Problem to solve: In your copy, include no images, and write out every entry below exactly as it stands.

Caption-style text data
•••
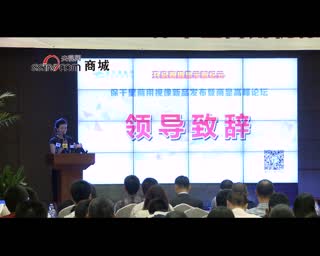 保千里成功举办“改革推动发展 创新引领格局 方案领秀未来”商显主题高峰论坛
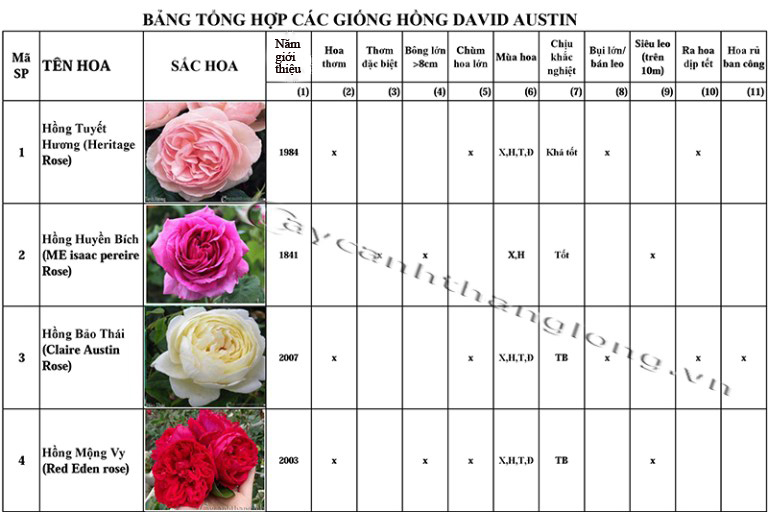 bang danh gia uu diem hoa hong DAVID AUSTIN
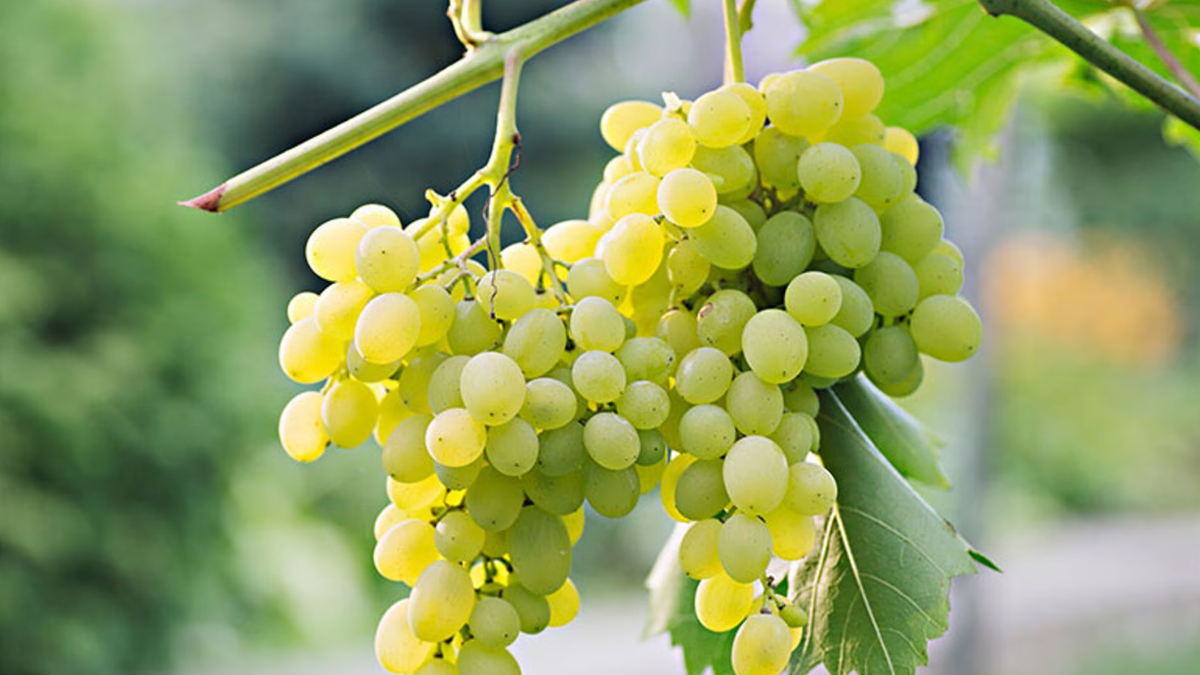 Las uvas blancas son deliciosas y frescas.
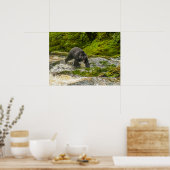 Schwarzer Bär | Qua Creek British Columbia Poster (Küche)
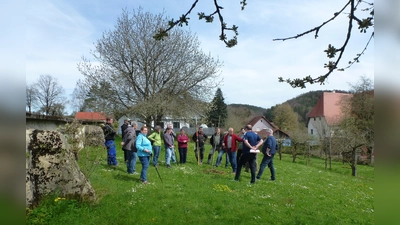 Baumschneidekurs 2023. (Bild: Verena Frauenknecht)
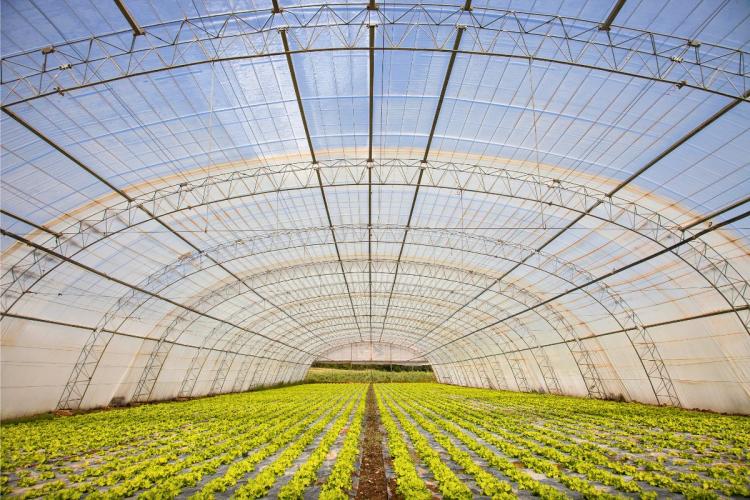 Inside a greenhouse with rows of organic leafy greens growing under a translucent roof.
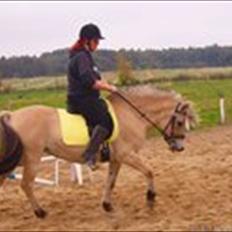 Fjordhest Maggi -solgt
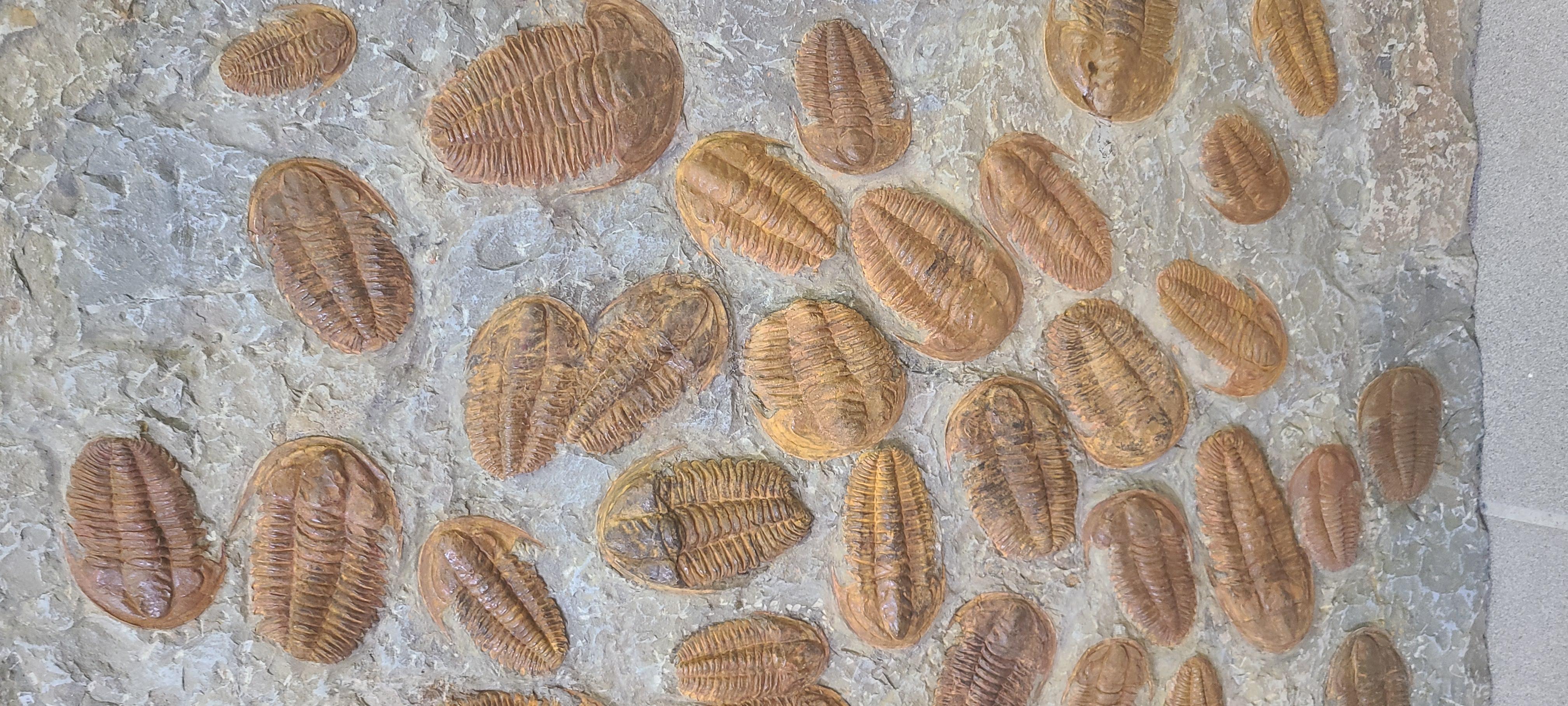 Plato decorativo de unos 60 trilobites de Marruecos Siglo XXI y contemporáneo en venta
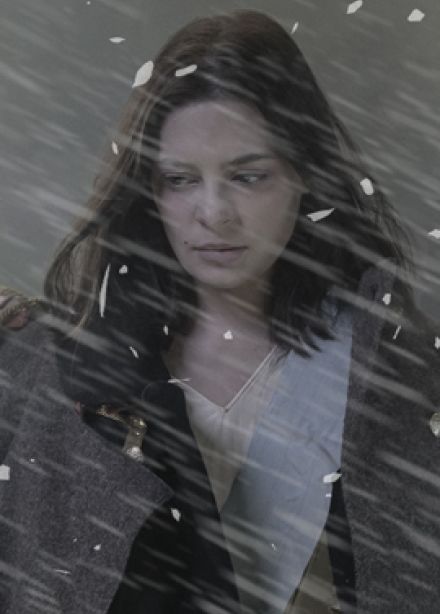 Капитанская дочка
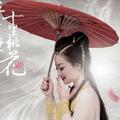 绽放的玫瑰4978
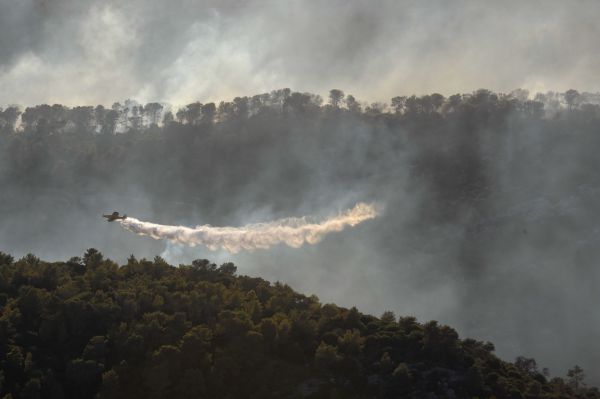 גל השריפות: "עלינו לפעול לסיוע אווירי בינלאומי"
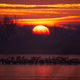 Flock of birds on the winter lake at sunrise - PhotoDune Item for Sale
•••
Reply:
 保千里成功举办“改革推动发展 创新引领格局 方案领秀未来”商显主题高峰论坛
 bang danh gia uu diem hoa hong DAVID AUSTIN
 Las uvas blancas son deliciosas y frescas.
 Schwarzer Bär | Qua Creek British Columbia Poster (Küche)
 Baumschneidekurs 2023. (Bild: Verena Frauenknecht)
 Inside a greenhouse with rows of organic leafy greens growing under a translucent roof.
 Fjordhest Maggi -solgt
 Plato decorativo de unos 60 trilobites de Marruecos Siglo XXI y contemporáneo en venta
 Капитанская дочка
 绽放的玫瑰4978
 גל השריפות: "עלינו לפעול לסיוע אווירי בינלאומי"
 Flock of birds on the winter lake at sunrise - PhotoDune Item for Sale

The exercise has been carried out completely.